Os cacos de vidro

Fez aquele barulho de vidro estilhaçado, e me fez perceber que eu batera um cinzeiro antigo de vidro, que gosto muito, na garrafa de água. O cinzeiro não tem mais a finalidade de antes, mas serve de pires para encaixar a garrafa de água. Uns cacos caíram lá no chão, e meus olhos acompanharam... Ah, que dó! Recolhi os cacos e quis colar. Pensei: a gente não deve desistir das coisas porque essas quebraram, ou estragaram, ou não são perfeitas mais... eu posso até ser jurássica nesse modo de pensar. A minha geração viveu consertando as coisas. Consertava-se a TV, o guarda-roupa, o ventilador, o liquidificador, a máquina de lavar.

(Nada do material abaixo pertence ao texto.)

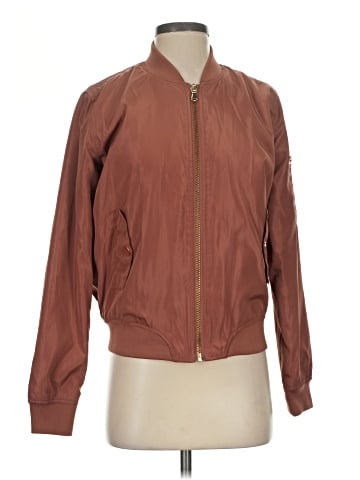Ci Sono Jacket (view 1)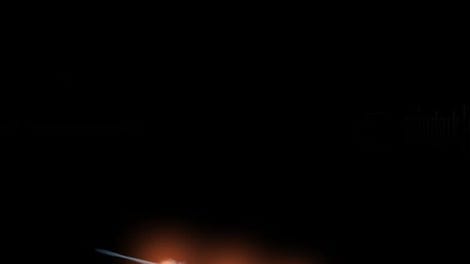 Entropia Universe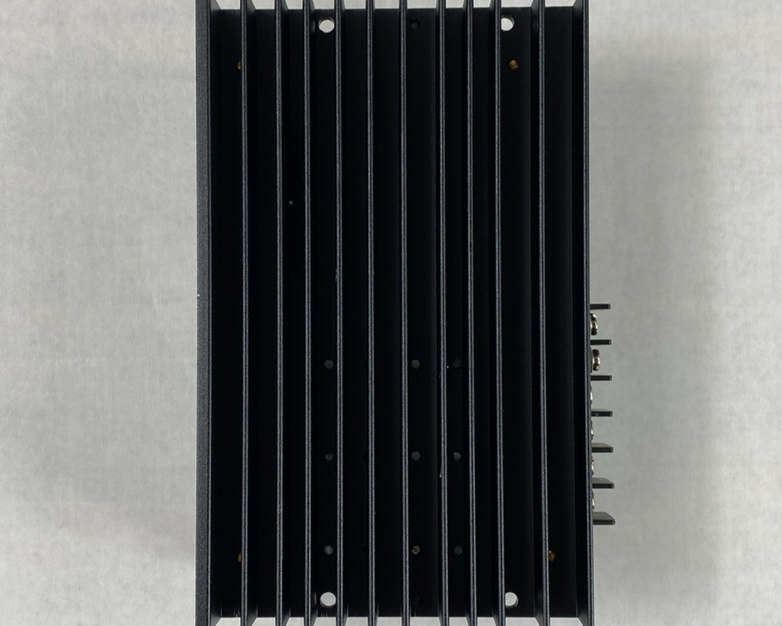 DBLS-02-S Brushless Motor Controller 24-48VDC 30A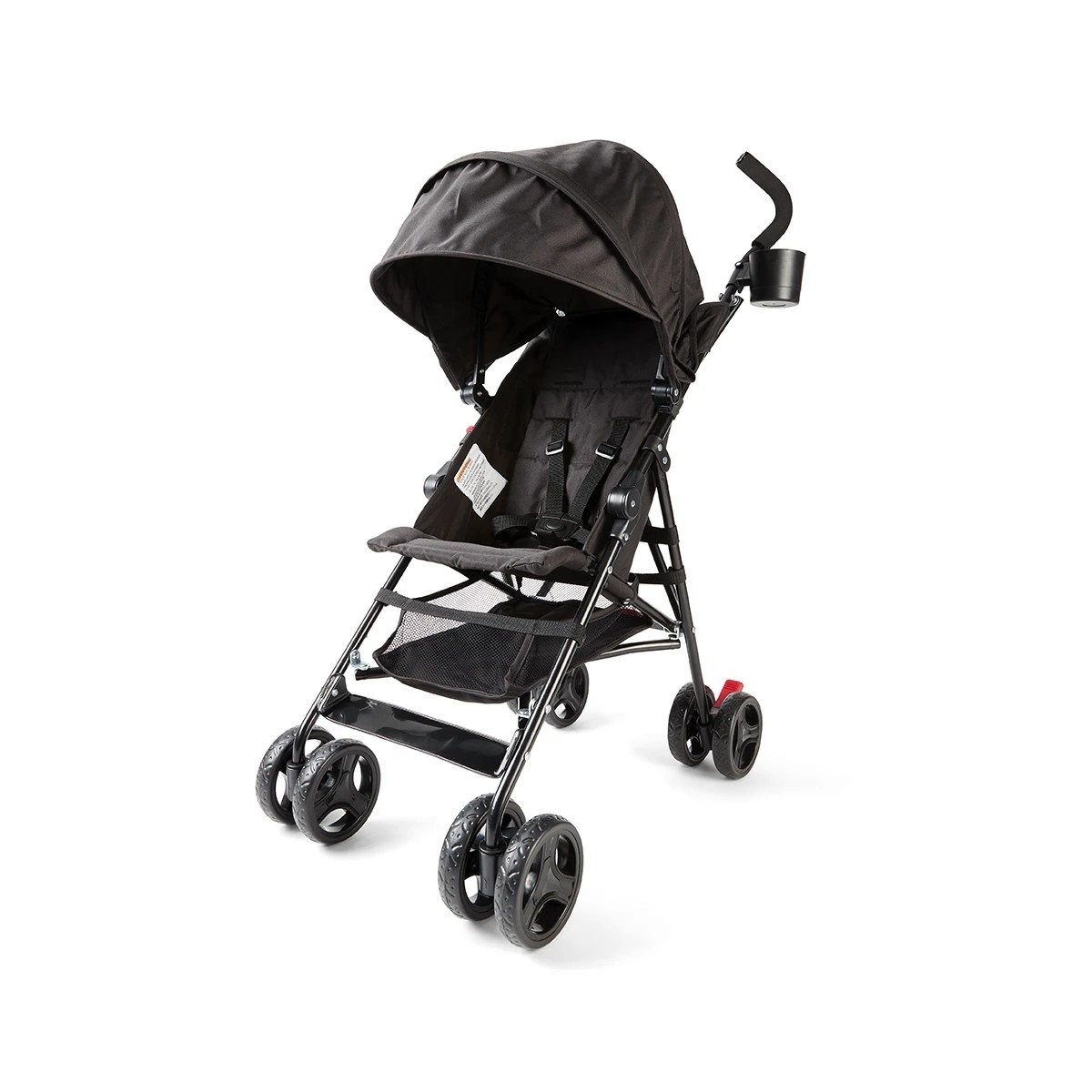 Upright umbrella sale stroller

Consertava- se o coração colando os cacos com a cola do amor próprio... suturava-se a alma, emendava-se o mal-feito ao pedido de perdão. Sabia dizer "obrigado", ou "pedir licença". A minha geração viveu a vida com mais intensidade e profundidade. Permitiu-se frustrar mais e isso resultou em pessoas mais fortes e resilientes. Pensando nisso, guardei os caquinhos pra colar com a cola da esperança e da gratidão. Mania de velha? Não! Mania de amar demais a vida e as pessoas, não permitindo a mim jogar ninguém no lixo.